Steps to help prevent domestic violence

Victims must be empowered to know that they can leave a violent situation, even if it means seemingly giving up everything to finally feel safe. Often just picking up the phone is difficult, for fear that the abuser will find out. Some abusers threaten to kill their victims and/or their children and other family members, friends, or even pets if they leave. Sometimes the violence escalates when victims leave and the abuser finds them.

The National Domestic Violence Hotline (800-799-7233, www.thehotline.org) is an important resource for victims or those who need to help victims of DV. Information and resources are offered to get victims on the path to safety and a new life. Anyone in immediate danger should call the police. There are safe houses where victims and their families can stay.

As clinicians, what can we do? We can ask about current conflict at home and past experience with trauma, create an environment in which individuals feel safe, and have local resource information available (shelter, safety, support). Even if a patient initially denies abuse, we should continue to inquire as we develop a stronger therapeutic alliance and obtain more information that makes us suspect that abuse may be occurring. The American Psychiatric Association’s official position on DV encourages psychiatrists to take an active role in prevention by:

• Participating in development of protocols to identify family violence

• Understanding all applicable laws

• Advocating for increased funding for prevention and treatment

• Participating in research

• Helping to educate medical students, residents, and physicians

The bottom line is that it takes a whole community to end DV. The headlines may sensationalize the problem or make IPV feel remote, but the sad fact is that it is all too common and very real. But it is also an issue we can do something about. I would encourage clinicians to trust their instincts if they suspect a case of DV.

For us to intervene and prevent injury, we need to ask patients probing questions about their relationships, and whether they feel safe at home.

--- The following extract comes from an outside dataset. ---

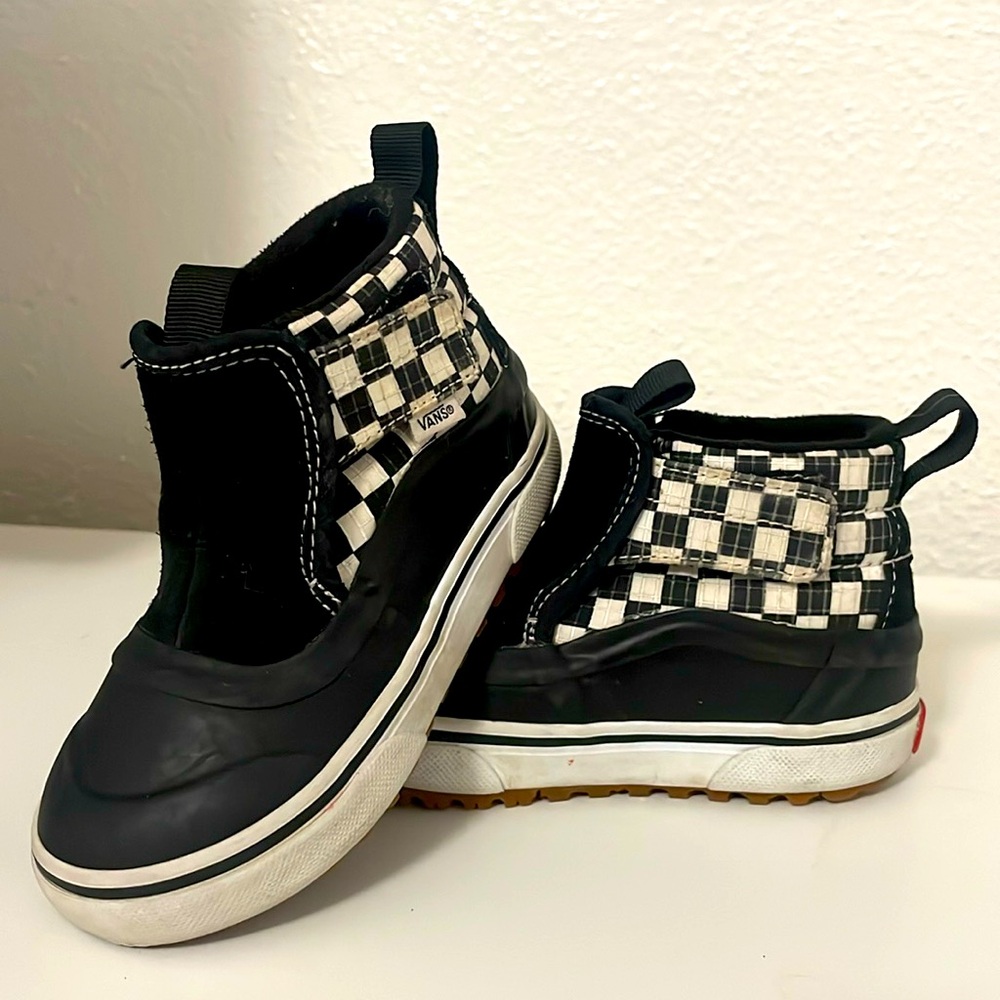 VANS HI-TERRAIN MTE Unisex Checkered Sneakers Toddlers 7 LIKE NEW!!!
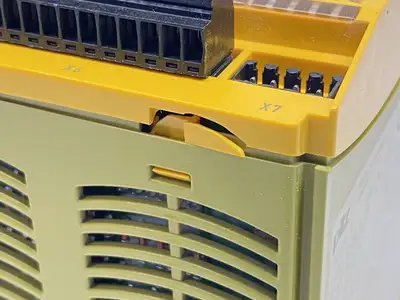 USED PILZ CPU BASE UNIT 773100 DAMAGED CASE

In October, during Domestic Violence Awareness Month, many advocacy groups used the Twitter hashtag #SeeDV. It contains an important thought: do not look past victims and those who could be living in danger and fear. Because victims often live in isolation, please reach out and offer support and resources. It could make all the difference.

Disclosures:

Dr Binder is President-Elect of the American Psychiatric Association. She is Professor of Psychiatry, Associate Dean, and Director of the Psychiatry and Law Program at the University of California, San Francisco. She reports no conflicts of interest concerning the subject matter of this article.

References:

1. Black MC, Basile KC, Breiding MJ, et al. National Intimate Partner and Sexual Violence Survey: 2010 Summary Report. Atlanta: National Center for Injury Prevention and Control, Centers for Disease Control and Prevention; November 2011. http://www.cdc.gov/violenceprevention/pdf/nisvs_report2010-a.pdf. Accessed November 5, 2014.

2. Truman JL, Morgan RE. Special report: nonfatal domestic violence, 2003-2012. Washington, DC: US Department of Justice; April 2014. http://www.bjs.gov/content/pub/pdf/ndv0312.pdf. Accessed November 4, 2014.

3. Clough A, Draughon JE. ‘Having housing made everything else possible’: Affordable, safe and stable housing for women survivors of violence. Qualitative Soc Work. 2014;13:671-688. http://qsw.sagepub.com/content/13/5/671.abstract. Accessed November 5, 2014.

4. US Department of Justice. Domestic violence. http://www.justice.gov/ovw/domestic-violence. Accessed November 5, 2014.

5. National Center on Domestic Violence, Trauma, and Mental Health; National Domestic Violence Hotline. Mental Health and Substance Use Coercion Surveys Report. 2014. www.nationalcenterdvtraumamh.org/publications-products/mental-health-and-substance-use-coercion-surveysreport. Accessed November 5, 2014.